Search code examples
pythonpython-3.xsubprocess

get text from stdout in subprocess.run without UnicodeDecodeError


I read the output from a windows command line call like so:

result = subprocess.run(["cmd", "/c", "dir","c:\mypath"], stdout=subprocess.PIPE, text=True,check=True)

The result may contain unexpected characters and I get a UnicodeDecodeError.
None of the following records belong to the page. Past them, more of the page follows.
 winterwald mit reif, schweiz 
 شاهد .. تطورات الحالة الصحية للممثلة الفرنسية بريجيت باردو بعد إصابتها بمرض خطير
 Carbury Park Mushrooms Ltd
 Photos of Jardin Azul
It tried to sanitize it with text = result.stdout.encode('ascii','replace').decode('ascii') but this doesn't always help.

How do I robustly read the text avoiding any UnicodeDecodeError?


Solution

  • If you cannot rely on the subprocess to produce valid text, don't use text=True; but then the onus is on you to try to figure out the encoding when you need to decode the value.
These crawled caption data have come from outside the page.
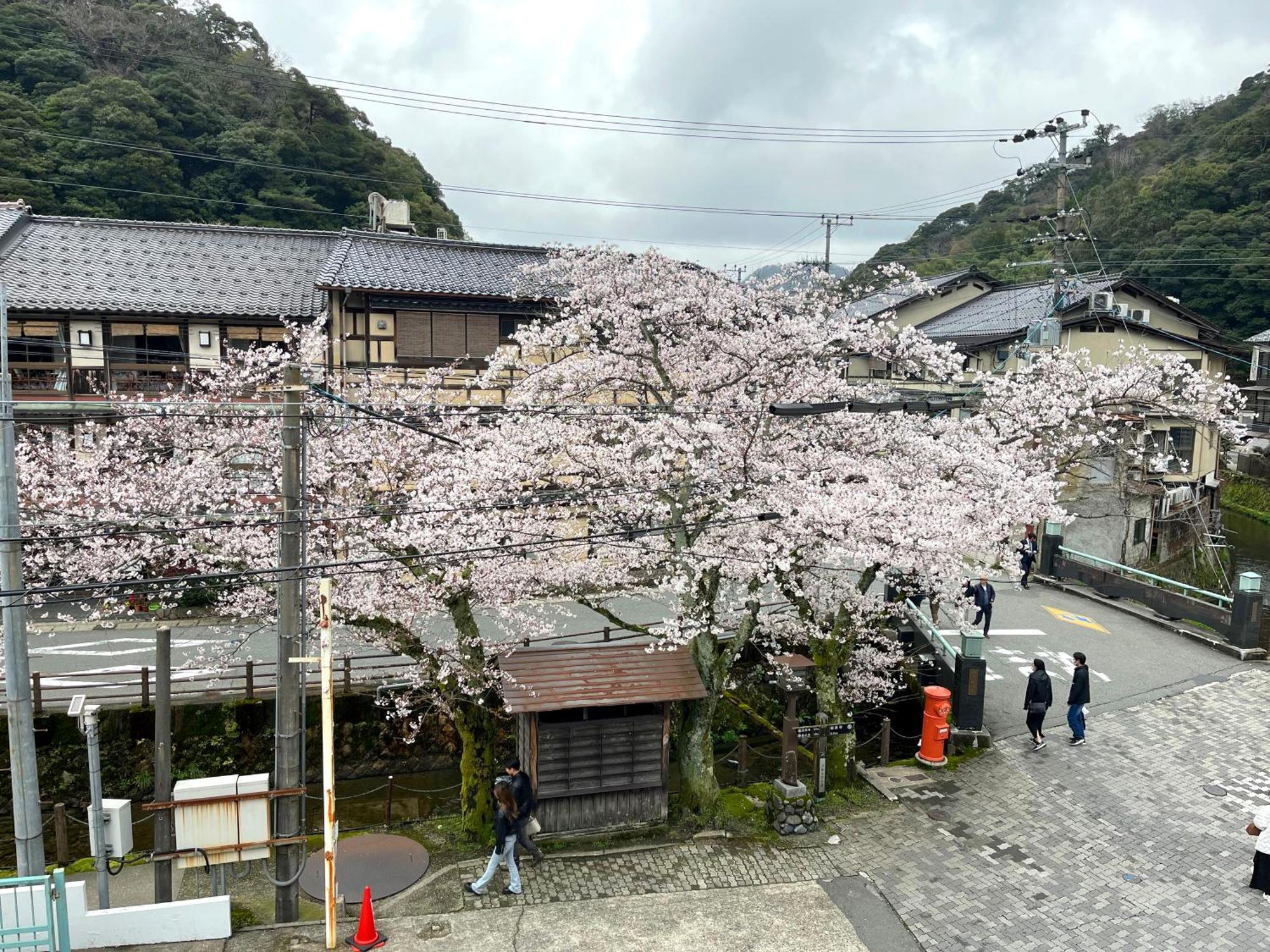 城崎温泉一棟貸し　旅宿yadokari 豊岡市 エクステリア 写真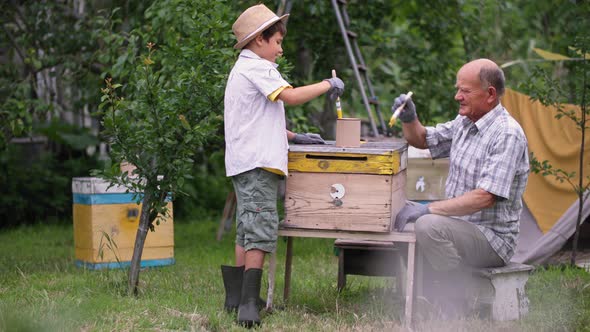 Apiary Caring Grandfather Together with Hardworking Grandson Use Bushes and Paints to Prepare Hives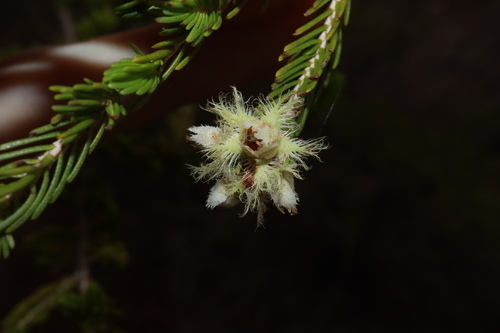 Image of Verticordia cunninghamii by (c) Thomas Mesaglio, some rights reserved (CC BY)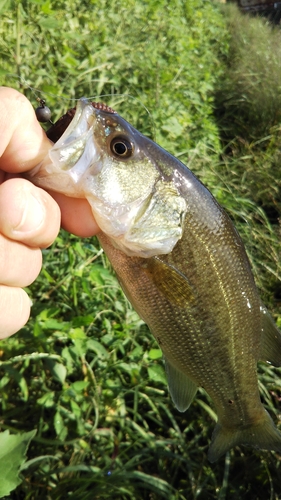 ラージマウスバスの釣果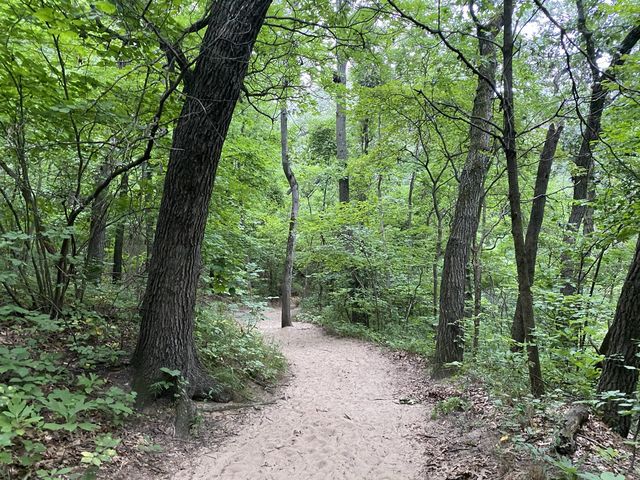 Three Dunes Challenge Hike 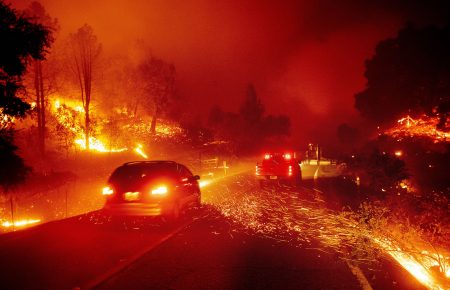 У Каліфорнії оголосили надзвичайну ситуацію на тлі масштабних лісових пожеж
    result = subprocess.run(
        ["cmd", "/c", "dir", r"c:\mypath"],
        capture_output=True, check=True)
    print(result.stdout.decode("cp1252"))  # or whatever encoding the system is using
    

    If you can predict the expected encoding, you can also say

    result = subprocess.run(
        ["cmd", "/c", "dir", r"c:\mypath"],
        capture_output=True, check=True, encoding="cp1252")
    

    By the looks of it, you are on Windows; probably examine your current system encoding (what's the output of chcp in a CMD window?) and adjust accordingly.

    (Notice also the use of a raw string for any string value with a literal backslash in it.)

    And of course, to merely get a directory listing, probably prefer os.scandir() or its pathlib equivalent.